• **Exercise requirements**: The printed result should hold only the lines from the opening of the data through the line bearing "Community Health Worker", exactly as given and without pictures.

(Dataset excerpts Opens)

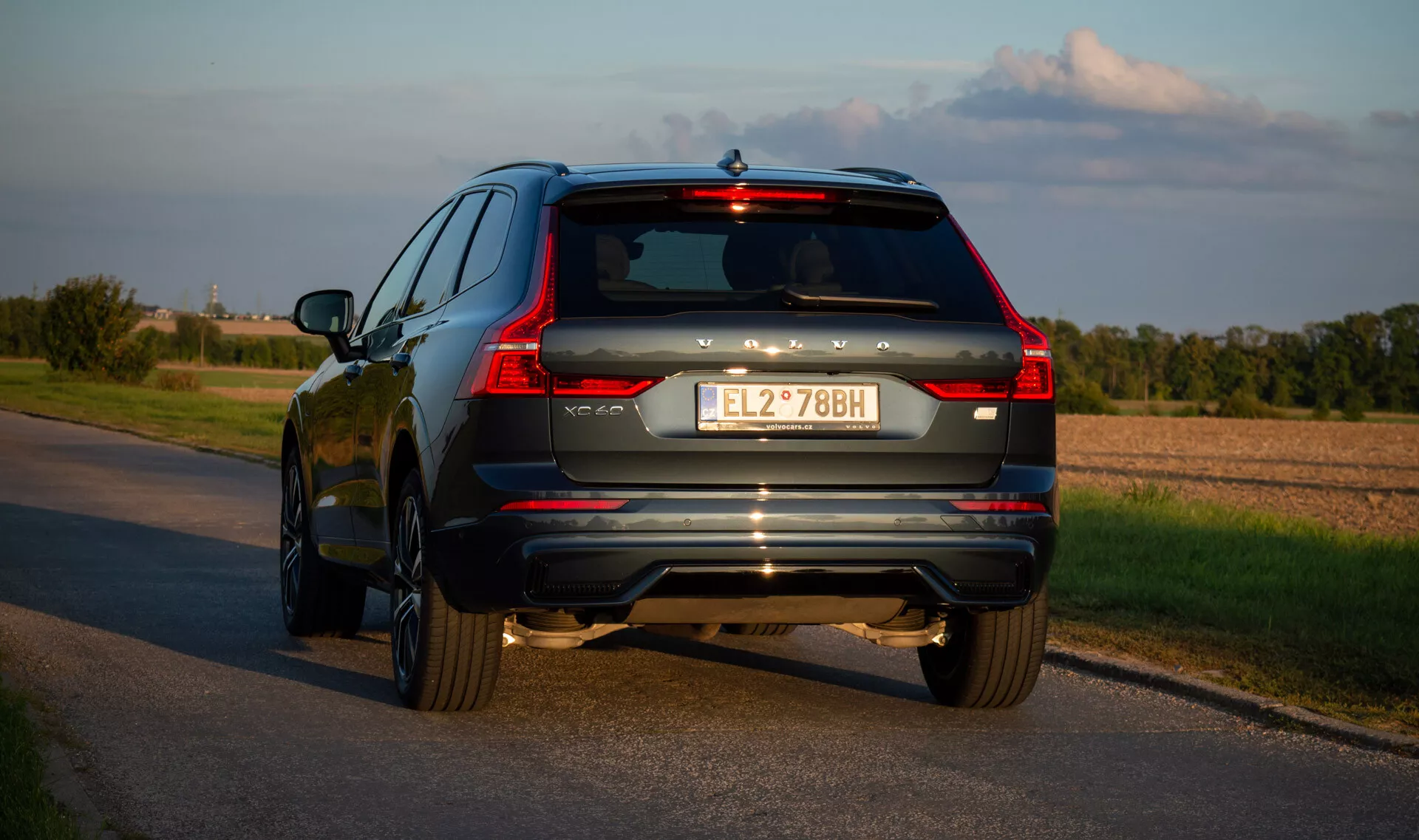 SUV Volvo XC60 Recharge priključni hibrid 2021 na asfaltni cesti, posnet z zadnjega kota tri četrtine, ki poudarja LED zadnje luči vozila, izpušni sistem in kromirane poudarke v poznem popoldnevu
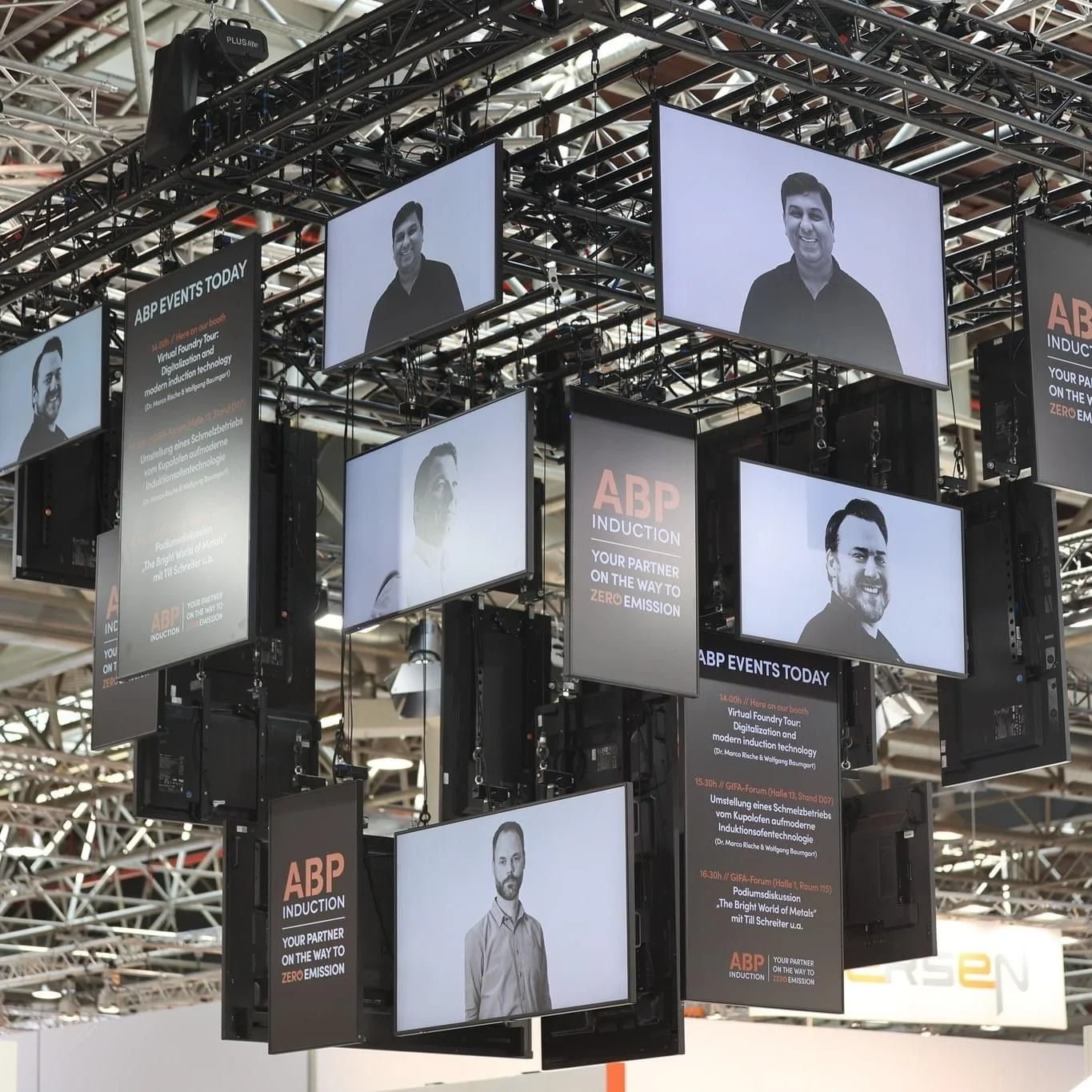 Multiple screens displaying speakers at an event with signs promoting ABP induction and zero emissions.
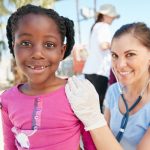 Community Health Worker (CHW) and patient smiling.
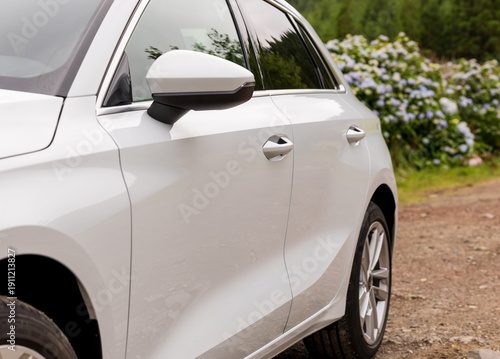 Wallpaper Mural Low angle view of side back rear part of modern white new car. automobile perspective on countryside. Torontodigital.ca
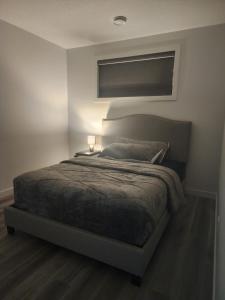 a bedroom with a bed with a lamp on it at Home Away From Home in Edmonton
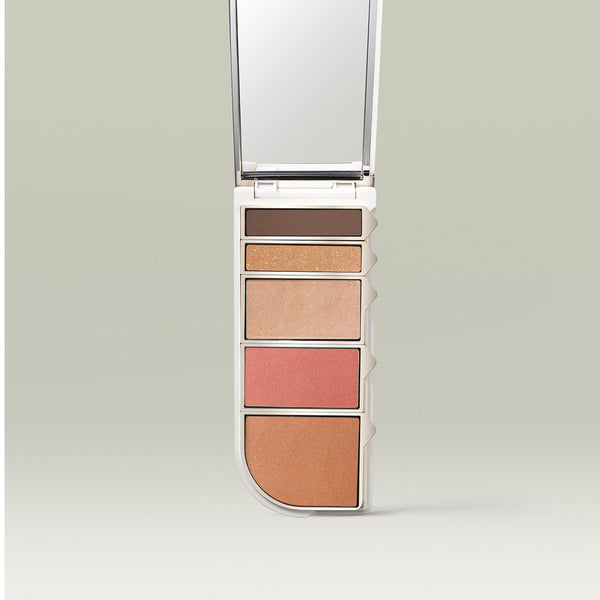 A sleek, open makeup palette with five pans in warm neutral shades-deep matte brown, shimmery gold, champagne highlight, coral blush, and bronze—shown vertically with a built-in mirror at the top.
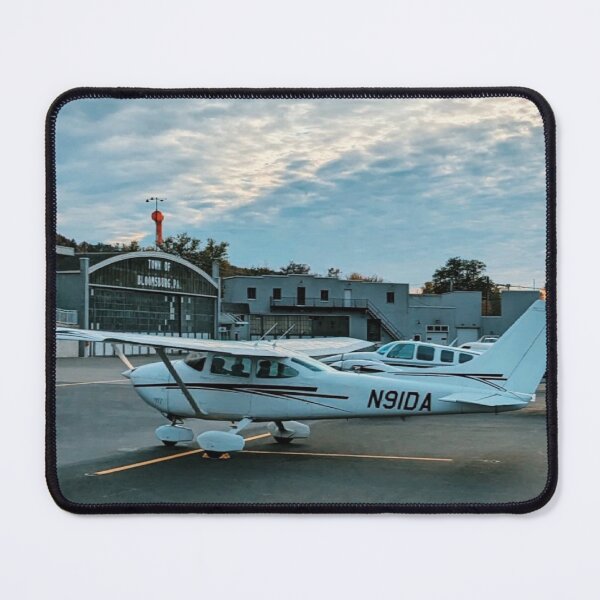 Item preview, Photo with a white airplane N9IDA without people parked at the airport designed and sold by CraftMuse19.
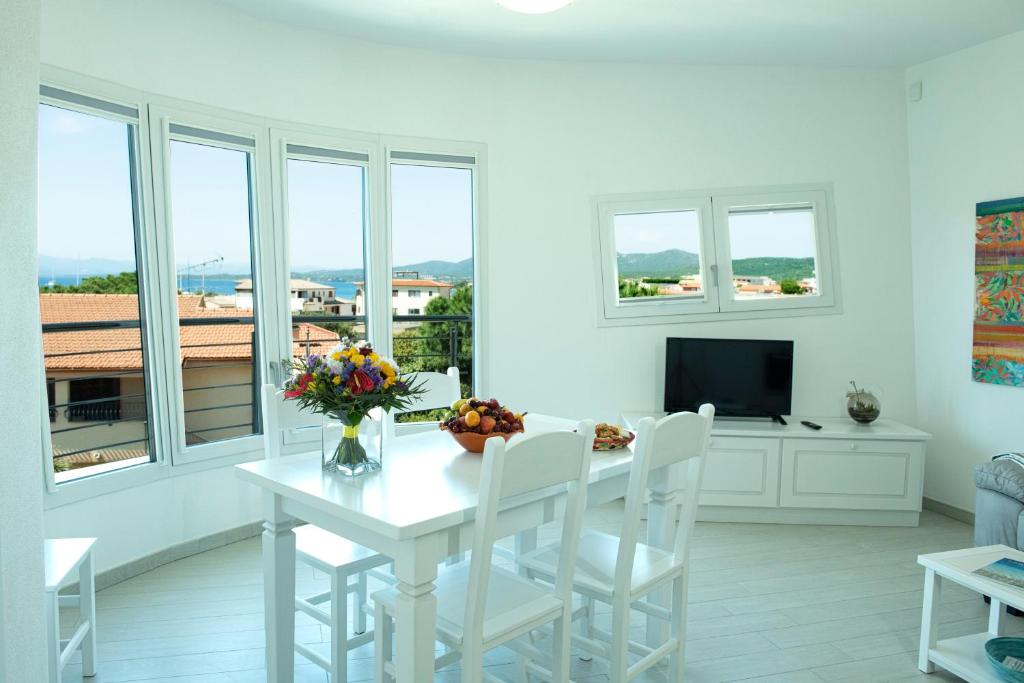 a white dining room with a table and a tv at Casa di Mario in Golfo Aranci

(Dataset excerpts Closes)

• **Answer below**:
 SUV Volvo XC60 Recharge priključni hibrid 2021 na asfaltni cesti, posnet z zadnjega kota tri četrtine, ki poudarja LED zadnje luči vozila, izpušni sistem in kromirane poudarke v poznem popoldnevu
 Multiple screens displaying speakers at an event with signs promoting ABP induction and zero emissions.
 Community Health Worker (CHW) and patient smiling.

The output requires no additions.